More process philosophy:  Writing to learn and writing to present learning 

          "If students cannot think or write, perhaps it is because they have been given too little  opportunity to write or think at all." -Paul Connolly, "Writing and the Ecology of Learning" 9 



          Writing to present learning is common in the academy. The thinking that underlies exams, theses, and other gateway writing tasks, is of course, "If you can't write it, you don't know it," a kind of back door admission that writing and learning are related and that one can measure the other. While writing to present learning is standard academic fare, writing to learn has had less emphasis, though writing that captures, records, represents, and explores makes it possible for students, scholars, and other professionals to develop and to present knowledge in writing. As mathematician Paul Connolly writes, 
            There is a profound difference between the preliminary use of language to serve thinking and the ultimate display of thought that we call exposition or argument.  
            ("Writing and the Ecology of Learning" 6) 
          Writing intensive programs have embraced "writing to learn" as part of their interest in the ways in which writing promotes learning and entails a process. The two main ways writing intensive programs address writing to learn are, first, through attention to the writing process, in which the earlier phases more specifically involve writing to discover, develop, and learn, and, second, through specific activities that ask students to engage in writing that is informal, exploratory, tentative, and certainly not graded in the way that a finished piece of writing would be. Such writing to learn activities may or may not be tied directly to writing assignments, but they are designed to help students engage course content meaningfully by writing. 
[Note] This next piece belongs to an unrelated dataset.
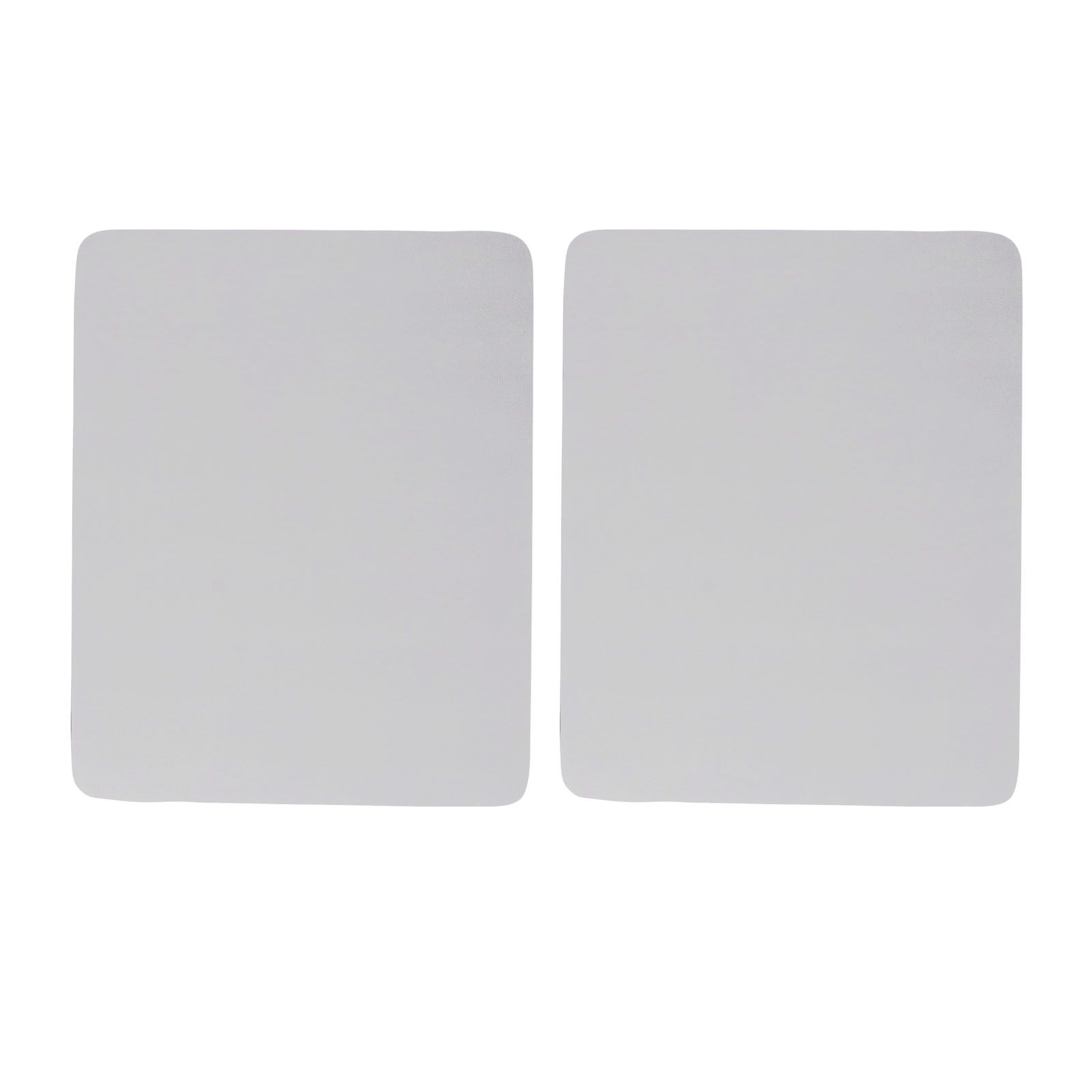 2Pcs Coffee Mat Drying Pad Super Absorbent Prevent Slip Shock Absorption Easy to Clean Coffee Bar Mat for Countertops Coffee Machine Light Gray 40x50cm / — image 4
          A process relationship 
          The Writing Intensive Program emphasizes the process relation between writing to acquire learning and writing to present learning. Attention to the writing process in a writing intensive course involves both kinds and purposes of writing. Furthermore, both kinds and purposes of writing entail different feedback and evaluation strategies. 

          Though presumably any college writing task aims to help students learn (or why would we ask them to do it?), "writing to learn" has been specifically recognized for its role in helping students to acquire understanding and in making the writing that demonstrates learning, presents findings, or argues a point possible. The two general types and purposes of writing can be plotted this way: 
           

          Writing to learn:   
           
          Writing to present learning: 
           
          writing to capture, to record, 
           
          writing to communicate results, 
           
          to develop, to explore, to represent 
           
          to convince, to argue, 
           
          to acquire understanding or knowledge 
           
          to share understanding or knowledge, 
           
          to analyze relations 
           
          to present findings, discoveries 
           
          entails a "contingent repertoire" 
           
          entails more of an "empiricist repertoire" 
           
          As Paul Connolly observes,  
            What 'informal' writing to learn, as opposed to the longer, finished 'research paper,' restores to science education is the contingent quality of the scientific process (8).  
             
          Additional ways to think about writing to learn and writing to present learning:  
           
          Writing to learn:   
           
          Writing to present learning: 
           
          more informal, not finished  more formal, complete
          earlier in writing process  later in or result of process
          not "graded" as a finished product graded or evaluated by audience
          "low stakes" in terms of risks, penaltiesfor error, consequences higher stakes in terms of credibility or grades
          more private, for individual or small group to use or consider in a process more public, can stand alone
          The more informal language that marks writing to learn activities and earlier stages of the writing process is for one mathematician "the most important mediator of concepts we do not yet fully hold" (Connolly 4). It allows students to consider the questions they do not have formal language for, a lack that makes learning of any subject difficult. As Peter Elbow explains, "high stakes" writing or writing that presents learning more formally helps us to give grades based on how well a student has done in articulating their learning in writing and how well he or she has honored the formal conventions for presenting learning in a discipline ("High Stakes and Low Stakes in Assigning and Responding to Writing" 5-6). 
           

          Benefits of writing to learn activities: 

            1) Stimulates interest and curiosity (involves students in active learning). 
            2) Builds "confidence" in ability to reason through and solve problems. 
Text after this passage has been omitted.